St. George and The Dragon, Cleveland Museum of Art, 2014
The plaque that accompanies this sculpture indicates that this piece is from the early 16th century, made of wood and leather, and originated in either southern Germany or Austria. Oh Lord, I thought after I'd read that last bit. Like most Pennsylvanians, I have German ancestry, quite a lot, actually. My paternal grandmother would loudly tell all and sundry that she was 100% German, and proud of it! Her first husband, my father's father, was zero percent German and that marriage ended in tears when my father was but five years old.
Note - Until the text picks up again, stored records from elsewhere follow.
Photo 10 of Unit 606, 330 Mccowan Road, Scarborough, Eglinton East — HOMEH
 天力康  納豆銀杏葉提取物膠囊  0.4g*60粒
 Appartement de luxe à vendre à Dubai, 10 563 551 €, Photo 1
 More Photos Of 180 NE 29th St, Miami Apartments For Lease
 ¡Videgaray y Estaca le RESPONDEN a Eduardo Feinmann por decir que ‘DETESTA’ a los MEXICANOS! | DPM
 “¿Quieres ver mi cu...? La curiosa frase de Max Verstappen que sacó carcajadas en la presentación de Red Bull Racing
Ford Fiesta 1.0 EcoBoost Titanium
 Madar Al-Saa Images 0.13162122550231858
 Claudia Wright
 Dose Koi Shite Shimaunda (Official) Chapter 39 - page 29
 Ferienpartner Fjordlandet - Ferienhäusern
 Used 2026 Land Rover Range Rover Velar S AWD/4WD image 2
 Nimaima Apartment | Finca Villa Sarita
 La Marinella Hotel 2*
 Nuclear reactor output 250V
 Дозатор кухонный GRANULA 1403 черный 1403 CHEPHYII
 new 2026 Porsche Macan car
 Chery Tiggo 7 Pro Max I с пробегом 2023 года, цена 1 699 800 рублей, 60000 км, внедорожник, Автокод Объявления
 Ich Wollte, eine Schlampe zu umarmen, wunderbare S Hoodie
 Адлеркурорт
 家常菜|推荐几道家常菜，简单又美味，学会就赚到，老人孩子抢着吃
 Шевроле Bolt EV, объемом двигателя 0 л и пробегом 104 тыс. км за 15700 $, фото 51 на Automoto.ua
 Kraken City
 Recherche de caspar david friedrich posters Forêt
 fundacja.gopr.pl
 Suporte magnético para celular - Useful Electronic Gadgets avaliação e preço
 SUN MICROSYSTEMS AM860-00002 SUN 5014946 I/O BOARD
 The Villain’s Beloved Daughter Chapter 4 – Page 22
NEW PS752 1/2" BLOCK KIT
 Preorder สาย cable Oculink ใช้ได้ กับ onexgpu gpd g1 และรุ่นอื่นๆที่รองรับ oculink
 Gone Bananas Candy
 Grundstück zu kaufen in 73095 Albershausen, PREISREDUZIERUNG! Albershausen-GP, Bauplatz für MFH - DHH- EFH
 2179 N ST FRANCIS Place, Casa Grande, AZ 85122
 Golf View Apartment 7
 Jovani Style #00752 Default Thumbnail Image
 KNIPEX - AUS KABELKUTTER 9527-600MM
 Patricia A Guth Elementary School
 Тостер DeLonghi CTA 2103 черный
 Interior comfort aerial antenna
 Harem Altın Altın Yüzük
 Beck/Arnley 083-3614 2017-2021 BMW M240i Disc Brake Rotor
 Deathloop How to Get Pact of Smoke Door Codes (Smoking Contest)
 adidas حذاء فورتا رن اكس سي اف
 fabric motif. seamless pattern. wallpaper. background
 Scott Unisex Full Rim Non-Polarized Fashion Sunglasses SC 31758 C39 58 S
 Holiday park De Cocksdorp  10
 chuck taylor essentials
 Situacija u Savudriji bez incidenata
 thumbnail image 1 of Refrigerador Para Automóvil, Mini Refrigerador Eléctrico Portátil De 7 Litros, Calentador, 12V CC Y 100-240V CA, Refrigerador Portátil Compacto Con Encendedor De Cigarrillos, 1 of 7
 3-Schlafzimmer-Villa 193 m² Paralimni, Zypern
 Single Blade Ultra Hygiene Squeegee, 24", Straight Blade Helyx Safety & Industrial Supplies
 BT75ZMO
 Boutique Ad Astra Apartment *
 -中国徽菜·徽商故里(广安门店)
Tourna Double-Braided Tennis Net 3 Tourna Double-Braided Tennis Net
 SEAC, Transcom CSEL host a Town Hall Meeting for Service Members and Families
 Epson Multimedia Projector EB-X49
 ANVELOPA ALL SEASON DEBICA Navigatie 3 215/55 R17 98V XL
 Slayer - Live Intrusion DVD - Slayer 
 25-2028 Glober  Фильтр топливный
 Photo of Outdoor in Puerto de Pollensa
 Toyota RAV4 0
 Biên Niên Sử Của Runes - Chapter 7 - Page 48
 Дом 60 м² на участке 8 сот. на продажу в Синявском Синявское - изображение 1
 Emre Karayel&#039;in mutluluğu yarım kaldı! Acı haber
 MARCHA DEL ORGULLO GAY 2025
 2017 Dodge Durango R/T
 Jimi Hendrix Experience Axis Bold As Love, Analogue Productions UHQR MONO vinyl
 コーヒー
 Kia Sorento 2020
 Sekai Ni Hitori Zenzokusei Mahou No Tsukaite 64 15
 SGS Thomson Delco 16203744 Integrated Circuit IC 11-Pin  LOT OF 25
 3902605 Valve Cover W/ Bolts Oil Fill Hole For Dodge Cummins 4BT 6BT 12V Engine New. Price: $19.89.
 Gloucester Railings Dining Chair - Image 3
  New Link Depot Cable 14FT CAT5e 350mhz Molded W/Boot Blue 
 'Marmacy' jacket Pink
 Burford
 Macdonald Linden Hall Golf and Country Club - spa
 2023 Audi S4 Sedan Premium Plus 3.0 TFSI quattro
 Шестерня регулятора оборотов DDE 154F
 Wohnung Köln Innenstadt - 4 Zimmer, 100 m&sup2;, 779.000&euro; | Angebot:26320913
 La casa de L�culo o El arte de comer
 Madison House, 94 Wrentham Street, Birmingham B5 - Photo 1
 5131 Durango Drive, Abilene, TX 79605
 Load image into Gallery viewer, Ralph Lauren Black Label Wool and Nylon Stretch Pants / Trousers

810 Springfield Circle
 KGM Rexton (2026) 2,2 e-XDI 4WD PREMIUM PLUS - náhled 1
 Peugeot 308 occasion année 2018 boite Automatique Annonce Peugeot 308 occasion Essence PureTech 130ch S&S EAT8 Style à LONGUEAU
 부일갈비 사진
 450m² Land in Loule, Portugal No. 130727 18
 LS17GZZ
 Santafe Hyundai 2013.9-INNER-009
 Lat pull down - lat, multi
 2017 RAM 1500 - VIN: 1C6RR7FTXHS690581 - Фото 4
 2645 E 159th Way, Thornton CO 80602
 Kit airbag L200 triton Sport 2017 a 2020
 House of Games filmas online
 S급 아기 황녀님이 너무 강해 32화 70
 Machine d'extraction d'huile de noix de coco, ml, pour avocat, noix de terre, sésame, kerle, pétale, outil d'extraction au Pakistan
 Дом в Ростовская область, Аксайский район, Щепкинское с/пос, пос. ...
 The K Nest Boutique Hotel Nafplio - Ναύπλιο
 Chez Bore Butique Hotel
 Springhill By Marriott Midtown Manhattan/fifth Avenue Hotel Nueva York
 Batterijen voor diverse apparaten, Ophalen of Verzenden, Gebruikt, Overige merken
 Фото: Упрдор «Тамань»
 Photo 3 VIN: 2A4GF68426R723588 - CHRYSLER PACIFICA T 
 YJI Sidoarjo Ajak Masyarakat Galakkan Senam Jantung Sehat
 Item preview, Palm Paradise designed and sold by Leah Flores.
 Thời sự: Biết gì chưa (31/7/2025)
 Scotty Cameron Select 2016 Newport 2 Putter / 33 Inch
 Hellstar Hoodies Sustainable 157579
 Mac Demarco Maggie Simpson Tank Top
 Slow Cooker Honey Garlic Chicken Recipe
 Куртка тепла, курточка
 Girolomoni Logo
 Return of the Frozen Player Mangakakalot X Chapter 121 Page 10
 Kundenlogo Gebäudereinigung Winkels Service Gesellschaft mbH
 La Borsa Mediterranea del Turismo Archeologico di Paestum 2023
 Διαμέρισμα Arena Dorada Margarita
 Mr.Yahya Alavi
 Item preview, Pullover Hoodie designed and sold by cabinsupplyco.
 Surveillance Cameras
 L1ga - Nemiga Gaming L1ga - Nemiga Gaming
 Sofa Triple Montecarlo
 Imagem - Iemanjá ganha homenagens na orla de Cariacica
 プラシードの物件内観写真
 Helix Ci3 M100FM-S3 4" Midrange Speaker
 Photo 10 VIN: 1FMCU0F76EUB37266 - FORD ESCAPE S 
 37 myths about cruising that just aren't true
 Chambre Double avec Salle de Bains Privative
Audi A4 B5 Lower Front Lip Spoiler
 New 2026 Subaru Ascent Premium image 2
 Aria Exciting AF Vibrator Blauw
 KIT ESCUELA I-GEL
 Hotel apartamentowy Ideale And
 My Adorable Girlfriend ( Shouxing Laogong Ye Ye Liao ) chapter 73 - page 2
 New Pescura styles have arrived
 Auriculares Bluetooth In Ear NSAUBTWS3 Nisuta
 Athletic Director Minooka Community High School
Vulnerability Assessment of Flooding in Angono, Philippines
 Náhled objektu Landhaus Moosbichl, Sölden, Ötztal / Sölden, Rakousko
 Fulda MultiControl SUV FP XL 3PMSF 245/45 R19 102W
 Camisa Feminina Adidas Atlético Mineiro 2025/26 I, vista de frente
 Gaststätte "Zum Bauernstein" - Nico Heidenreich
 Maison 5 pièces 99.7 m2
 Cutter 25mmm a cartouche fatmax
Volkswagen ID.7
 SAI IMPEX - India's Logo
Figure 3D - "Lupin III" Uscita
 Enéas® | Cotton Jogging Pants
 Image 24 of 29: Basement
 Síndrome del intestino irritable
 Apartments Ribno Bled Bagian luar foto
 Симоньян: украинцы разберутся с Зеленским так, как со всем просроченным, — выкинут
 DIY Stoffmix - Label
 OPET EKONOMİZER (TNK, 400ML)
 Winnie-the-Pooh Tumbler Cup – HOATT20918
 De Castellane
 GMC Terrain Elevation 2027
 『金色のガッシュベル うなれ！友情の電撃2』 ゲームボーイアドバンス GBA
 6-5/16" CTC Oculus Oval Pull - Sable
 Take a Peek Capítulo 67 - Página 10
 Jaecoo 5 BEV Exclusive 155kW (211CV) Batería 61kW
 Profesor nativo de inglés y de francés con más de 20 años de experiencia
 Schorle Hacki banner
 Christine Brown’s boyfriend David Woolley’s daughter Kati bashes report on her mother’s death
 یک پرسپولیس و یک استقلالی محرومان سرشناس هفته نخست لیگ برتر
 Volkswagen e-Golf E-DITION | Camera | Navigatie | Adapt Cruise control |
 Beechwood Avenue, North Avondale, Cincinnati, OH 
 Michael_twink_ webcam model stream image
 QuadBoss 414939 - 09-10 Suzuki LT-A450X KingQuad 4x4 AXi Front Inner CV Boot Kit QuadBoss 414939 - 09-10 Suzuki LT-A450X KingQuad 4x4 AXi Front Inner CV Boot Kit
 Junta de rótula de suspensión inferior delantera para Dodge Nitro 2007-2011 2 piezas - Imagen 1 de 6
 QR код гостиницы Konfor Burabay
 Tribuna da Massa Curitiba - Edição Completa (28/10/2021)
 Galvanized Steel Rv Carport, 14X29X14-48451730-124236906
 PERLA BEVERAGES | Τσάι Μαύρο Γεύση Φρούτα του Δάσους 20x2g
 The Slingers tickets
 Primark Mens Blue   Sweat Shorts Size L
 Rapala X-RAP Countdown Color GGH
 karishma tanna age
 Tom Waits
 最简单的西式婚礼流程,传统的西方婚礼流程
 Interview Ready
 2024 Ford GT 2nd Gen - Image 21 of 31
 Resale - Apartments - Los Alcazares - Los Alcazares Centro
Next my grandmother married a fellow German, but one that she always claimed cryptically was from 'the queer part of Germany'. I had no idea what that meant and when we'd press her for clarification she'd yell that we (my siblings and I) didn't know nothin', and that the answer was somehow obvious. We were blind idiots.
I suppose the answer was obvious, once I had the answer. My grandfather, technically step-grandfather, but I grew up with him, so he was my real grandfather, for reasons relating to my father being something of a no-account swindler, left me in charge of his estate when he died. While writing grandpa's obituary for the local newspaper, I discovered amongst his documents that his parents had immigrated from....Austria. So, in my grandmother's thinking, this was the 'queer part of Germany'. Austria.